Retour sur expérience
Né trop tard pour connaître l'époque où les flippers tenaient les jeunes occupés pendant des heures lors de leurs sorties, je suis tombé en plein dans l’ère de leurs homologues virtuels. J’en avais déjà testé un pas terrible sur le vieux PC 486 de mon père, mais avec Dragon’s Fury, j’ai découvert tout le potentiel du concept. Un tableau principal s’étalant sur trois écrans de télé, six niveaux secrets (même sept, d’ailleurs. Je l’ai découvert en faisant des recherches, je ne l’ai jamais débloqué étant gamin), une myriade d’éléments interactifs, changeants et mobiles, des passages secrets… sans oublier la balle qui changeait de couleur pour donner des bonus de points. Aucun flipper réel n’aurait pu arriver à la cheville de ce bijou. Déjà à sept ans, j’avais décidé que les bars serviraient exclusivement à me saouler, et rien d’autre !

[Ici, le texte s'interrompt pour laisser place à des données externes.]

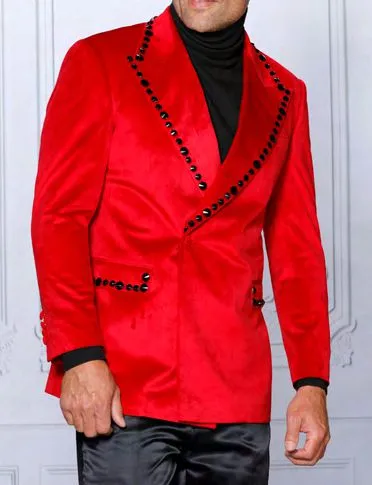 INSOMNIA MZV-531 Red Black Velvet Sport Coat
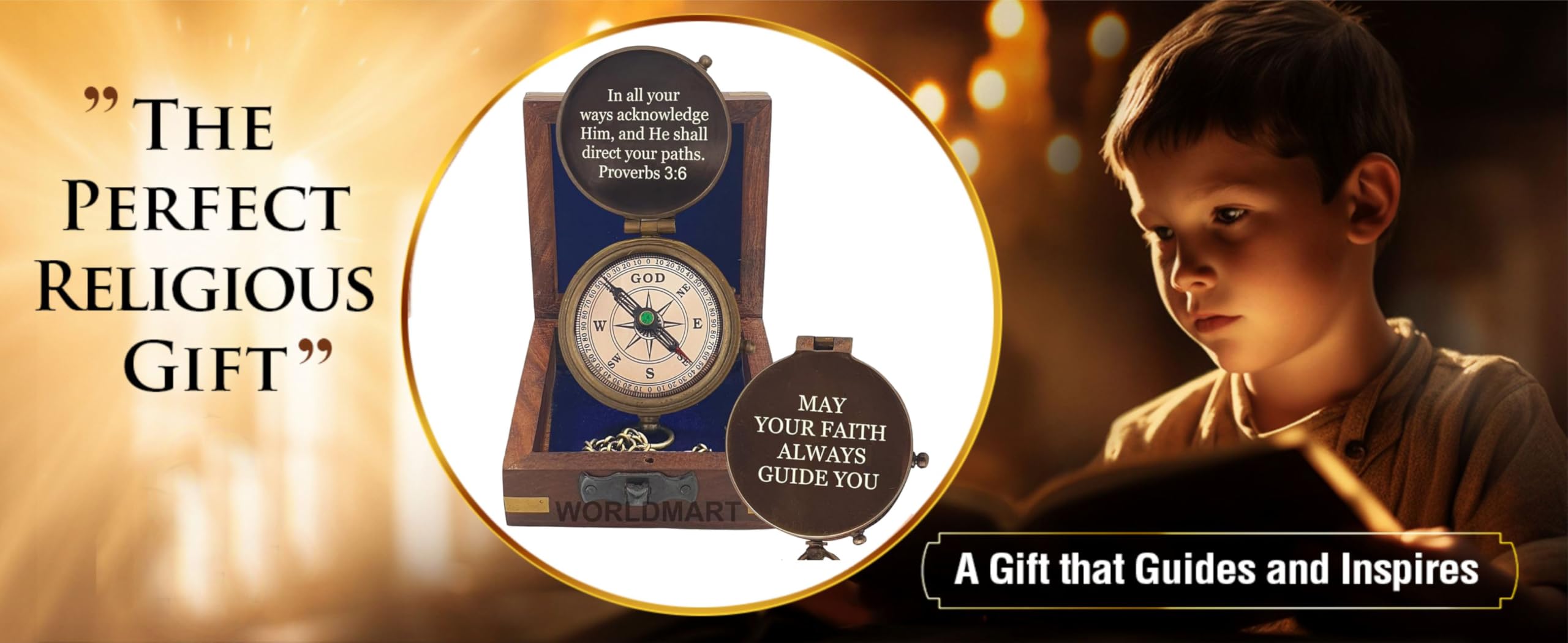 Baptism Gifts for Boys - Engraved Working Handmade Compass with Scripture - Religious, Christian, Catholic, Christening, First Communion, Confirmation Gifts for Teenage Boys and Men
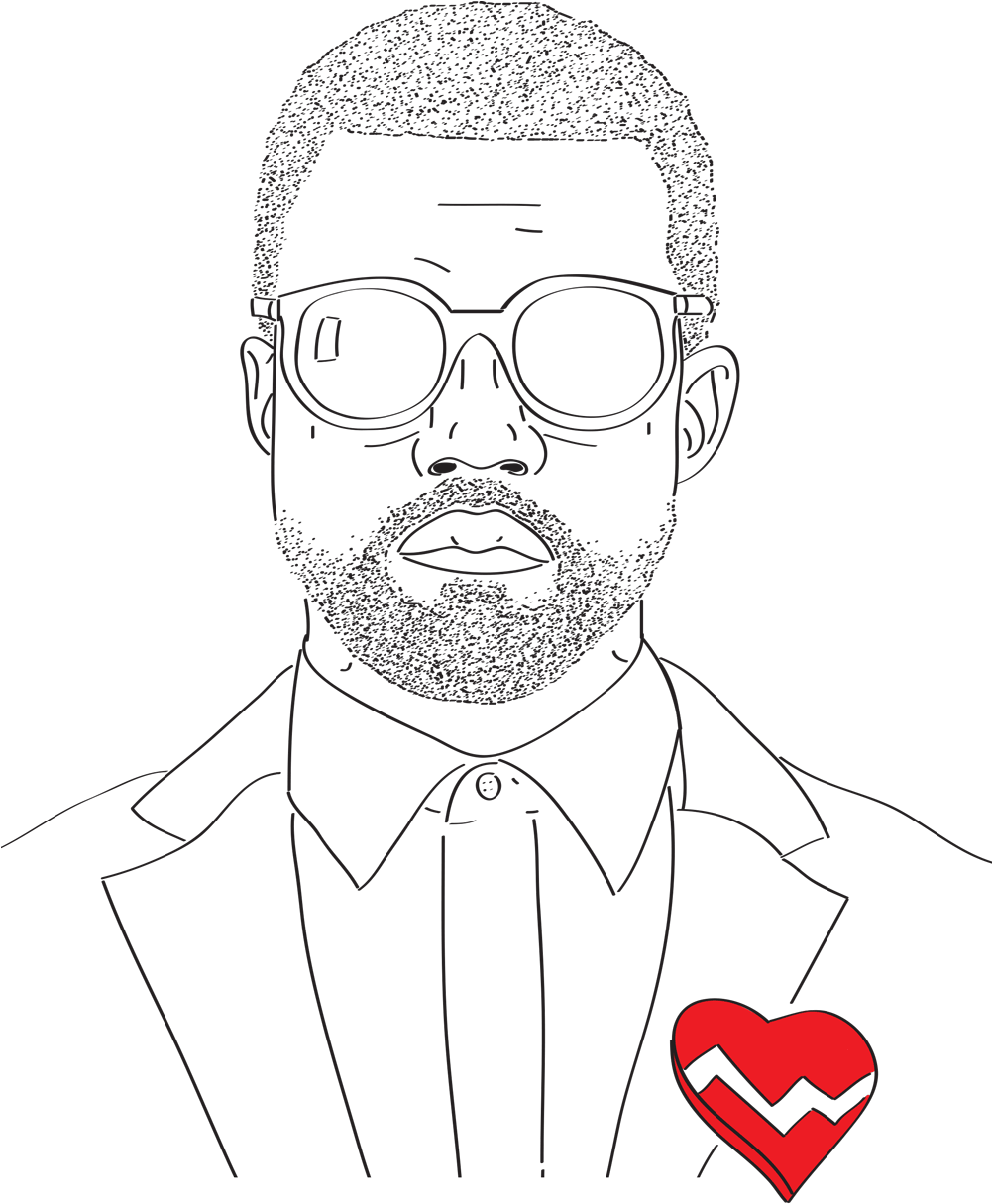 Kanye West Face - Kanye West (1000x1269), Png Download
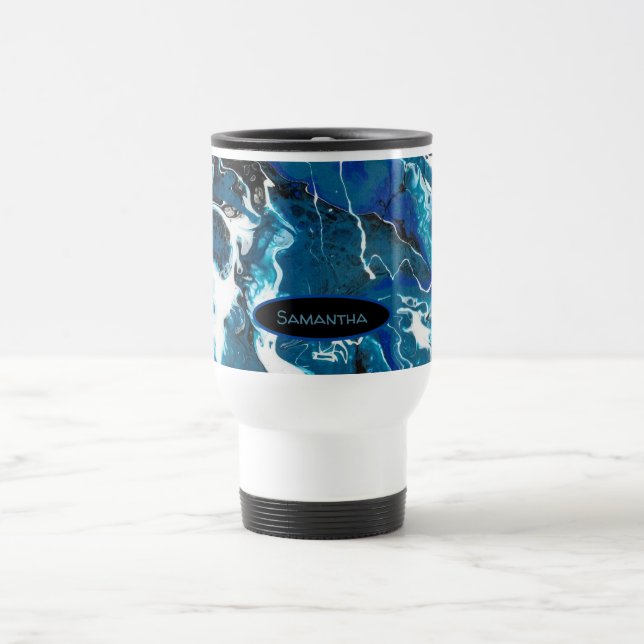 Caneca Térmica Abstrato de café personalizado com caneta azul (Centro)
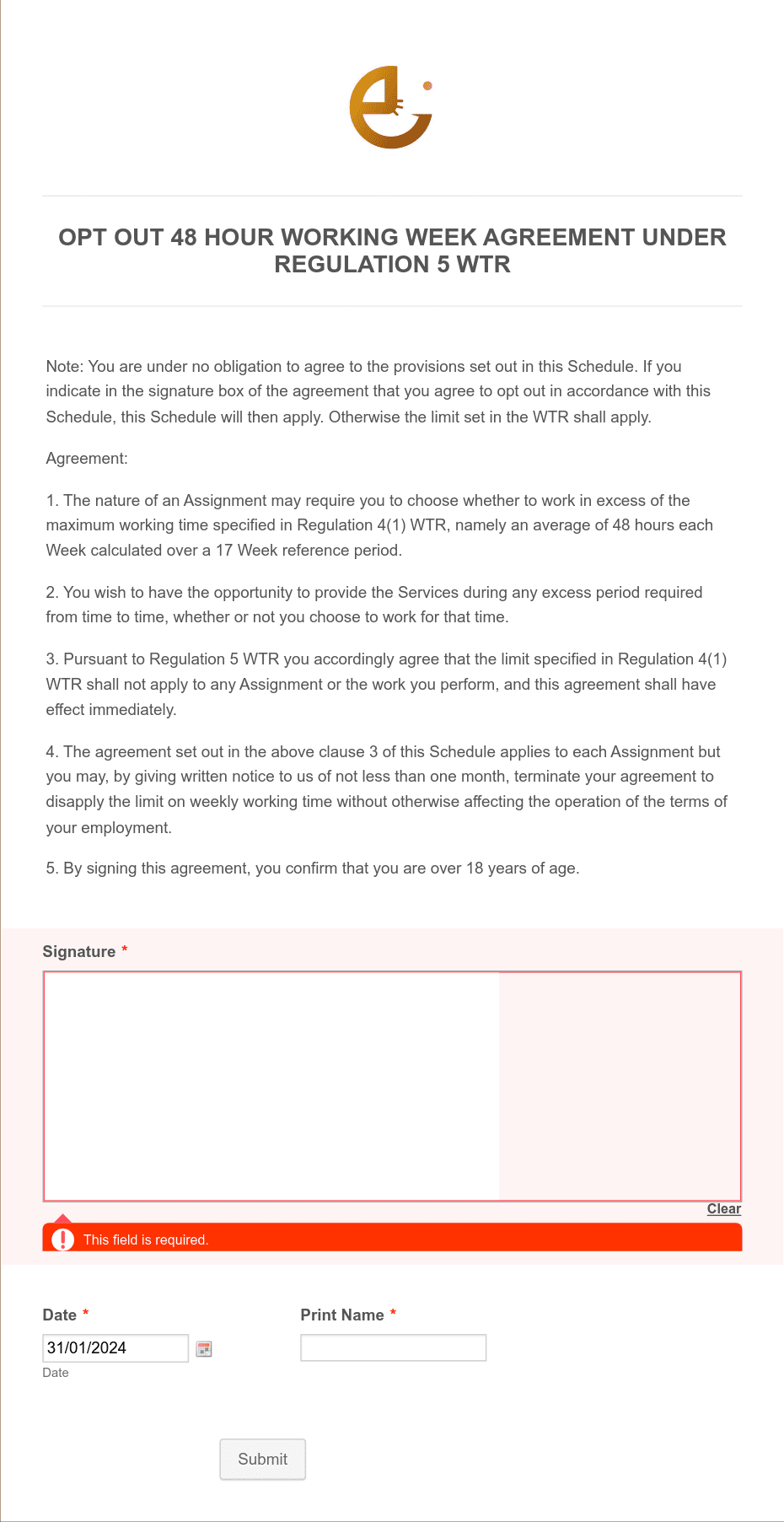 48 Hour Opt Out Agreement Form Template Jotform 2492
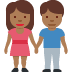 woman and man holding hands: medium-dark skin tone on Twitter/X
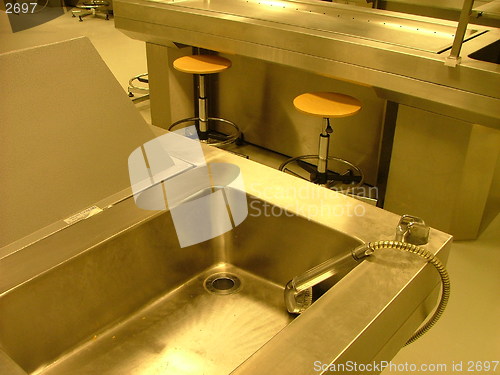 Image of autopsy room in a medical faculty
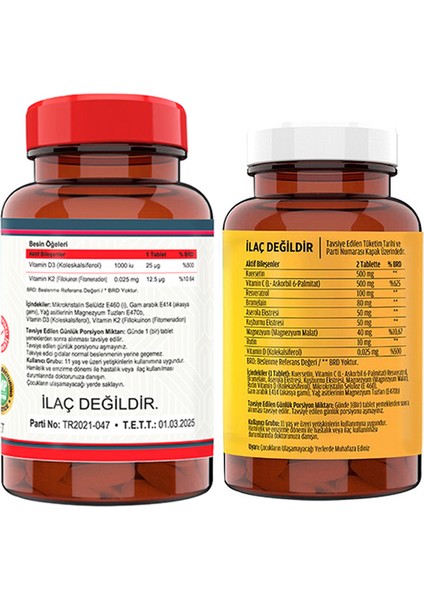 Vitamin D3-K2 120 Tablet & Flx Kuersetin Ester C 60 Tablet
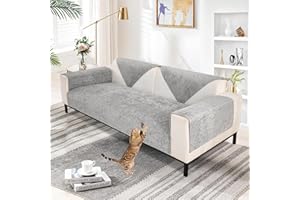 Topchances Chenille Sofa Slipcovers 1/2/3/4 Seater,Non Slip Sofa Cover for Dogs All-Seasons Sofa Wrap with Non-Slip Silicone Particles Apply to Living Room Dogs Cat Pet (Grey,90x180cm 1 Piece)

Flashback spécial ambiance
Non content de repousser les limites des machines à billes, Dragon’s Fury se pare d’un habillage sombre, sataniste et délirant, flirtant avec l’érotico-SM en de rares occasions (ça me perturbait déjà un peu, toutes ces succubes lascives planquées dans les décors). Le plateau central arbore le visage d’une femme qui se change petit-à-petit en dragon (et pas de manière mignonne, hein), un grand nombre de squelettes se baladent à travers les niveaux (mention spéciale au crâne géant qui se marre quand on perd une vie), et divers démons essaient de vous compliquer la vie, dans des environnements crades et lugubres. À chaque fois que je jouais, un cocktail de peur et d’admiration me prenait aux tripes. Si j’avais cédé à la tentation de virer métalleux gothique à l’adolescence, mes parents auraient pu intenter un procès aux développeurs de ce jeu.
Réécoute de la bande-son
Selon les morceaux, la musique emprunte plus au disco qu’au thrash metal, même si on sent les efforts fournis par le compositeur pour enrober l’ensemble d’une vibe lugubre. De toute façon, qui suis-je pour prétendre savoir à quoi ressemble de la musique de flipper, hein ? N’importe quoi aurait pu me convenir, surtout à cet âge. Tant que c'était estampillé OST de jeu vidéo, je pouvais adorer le plus nullissime des morceaux. Le thème du plateau principal ne semble pas très accessible au premier abord, mais une fois apprivoisé, difficile de s'en passer ! Quant aux stages spéciaux, plus on approche des derniers, plus la musique sonne morbide et torturée. Magnifique !
Moment Nostalgie
Dragon's Fury s'appréciait mieux en solitaire qu'à plusieurs. Si jamais on y jouait à deux, il fallait attendre que l'autre perde pour récupérer la manette. Et vu le nombre d’options disponibles permettant de protéger notre bille du gouffre fatal, ça pouvait durer longtemps ! Quand j'allumais la console et que je voyais le nom de ma sœur tout en haut du classement des meilleurs scores, je passais dans un état second. Je ne trouvais le repos qu'une fois repassé devant elle. Je crois que je privilégiais toutefois les créneaux en journées ensoleillées. Le jeu me faisait un petit peu trop peur pour le lancer le soir.